In the current study, plasma 5-HT concentrations greatly improved in 9 patients, but there was no corresponding improvement in the IELT. This finding suggests that 5-HT is not a unique factor that participates in regulation of ejaculation. Therefore, there may be other mechanisms that are involved in the regulation of ejaculation. Future research needs to investigate changes in plasma 5-HT concentrations and the reaction of patients to treatment with different methods to classify patients with PE, thus providing a clinical basis for individualized treatment plans.

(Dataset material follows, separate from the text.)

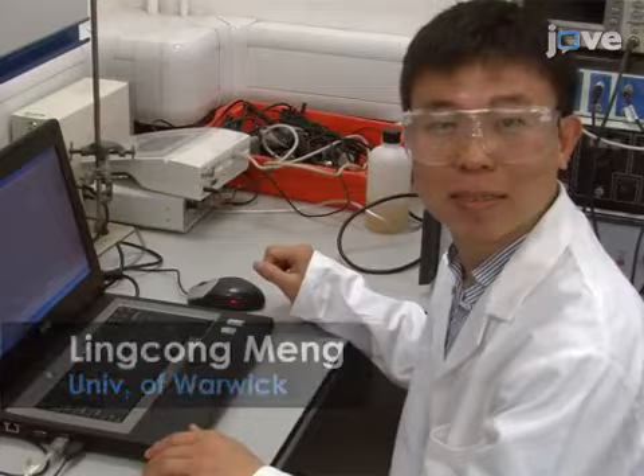Demonstrating the procedures alongside Tanya will be Max Joseph, a postdoc from my laboratory, as well as the PhD students Lin Sung Meng, Roy Mailer, and Zoe Ayres.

In this study, baseline IELT between 0–120 s was enrolled, which was not rigorous according to the definition of ISSM, which is “ejaculation which always or nearly always occurs prior to or within about one minute of vaginal penetration”[10]. The definition of PE has been debated for many years. The most widely accepted definitions currently are that in the DSM (Diagnostic and Statistical Manual of Mental Disorders) and the ISSM definition; however, it keeps changing. As the aim of our study was to investigate the association between 5-HT and clinical symptoms, the enrolled subjects should not be limited by IELT of about 1 minute. Many people have an IELT of 60–120 s, but they still complain of fast ejaculation and low PEP scores, which deserves further study; therefore, we choose 0–120 s baseline IELT for the present study.
Conclusions
The IELT and plasma 5-HT concentrations of patients with primary PE were correlated before treatment. Lower 5-HT concentrations were associated with a shorter IELT. After treatment, plasma 5-HT concentrations and IELT were both increased. Patients with a shorter baseline IELT show a better improvement of IELT and plasma 5-HT concentration. Improvement in serum 5-HT concentrations was clearly associated with improved symptoms in primary PE patients. Concentrations of 5-HT could be an indicator for predicting therapeutic effects in PE patients, which could be important for diagnosing and determining the prognosis of PE patients, and individualized treatment of PE.